TORONTO -- The Blue Jays will put the finishing touches on their September roster when six players are officially promoted to the Major Leagues prior to Wednesday night's game against Boston.
Right-handers Kyle Drabek, Chad Beck and Danny Farquhar and left-hander Brad Mills will join the pitching staff, while first baseman David Cooper and outfielder Adam Loewen round out the callups.
"Given the situation with our current bullpen, we've got some guys that are banged up. We'll make no bones about it," manager John Farrell said. "There are some limitations on their physical availability, so we felt like in certain situations, we might need a couple of extra arms, and in a couple of cases, it's a reward for the year that they've had."
The four pitchers will throw out of the bullpen and have the capability of going multiple innings.

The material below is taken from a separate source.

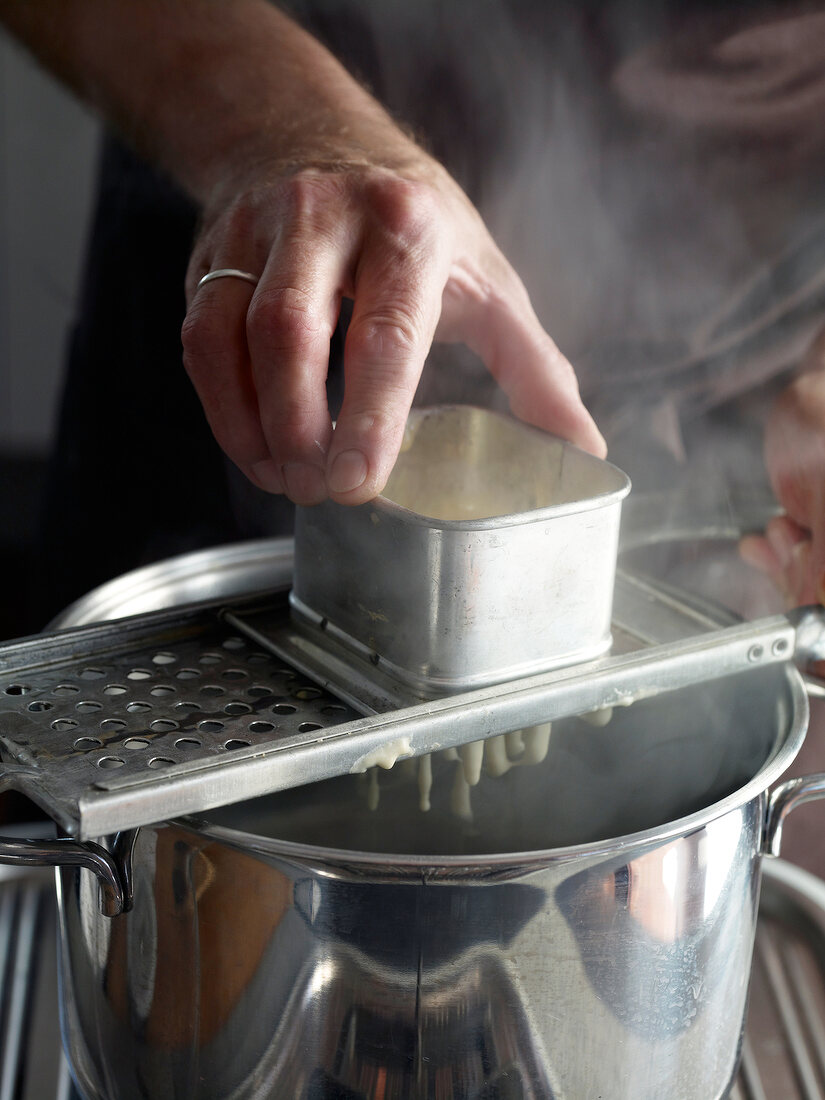 Close-up of dough passing through spaetzle maker while preparing spaetzle, step 3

That is expected to provide some much-needed depth for a young starting rotation and a relief corps that has right-handers Jon Rauch, Casey Janssen and Dustin McGowan being eased back in from various injuries.
Cooper and Loewen both enjoyed successful seasons for a strong offensive club in Triple-A Las Vegas.
The 24-year-old Cooper hit .364 with nine home runs and 96 RBIs in 120 games. He also played 13 games in Toronto this season and went 4-for-33 with one homer and five RBIs. Cooper will backup Adam Lind at first base and possibly see some time at designated hitter.
Loewen's arrival will mark another stepping stone in his remarkable comeback story. The 27-year-old was taken with the fourth overall selection in the 2002 First-Year Player Draft as a talented left-handed starter.
He pitched parts of three seasons in Baltimore, but a variety of injuries derailed his once promising career. He made the decision in 2008 to give up pitching and try to make it as a hitter.
The positive results started to come in 2011 after two long seasons in the low Minors. Loewen finished his season with Triple-A hitting .306 with 17 home runs and 85 RBIs in 134 games. He appeared at all three outfield positions and also at first base in another testament to his overall versatility.
"His swing is so much better than when we first signed him -- night and day," general manager Alex Anthopoulos said. "His approach, he can draw a walk, he's moving better in the outfield.
"It's a great success story for him to do what he did, and to get to this level, how many guys can actually do that? ... And not as a charity case, but as someone who earned it. He deserves it probably more than all of these guys."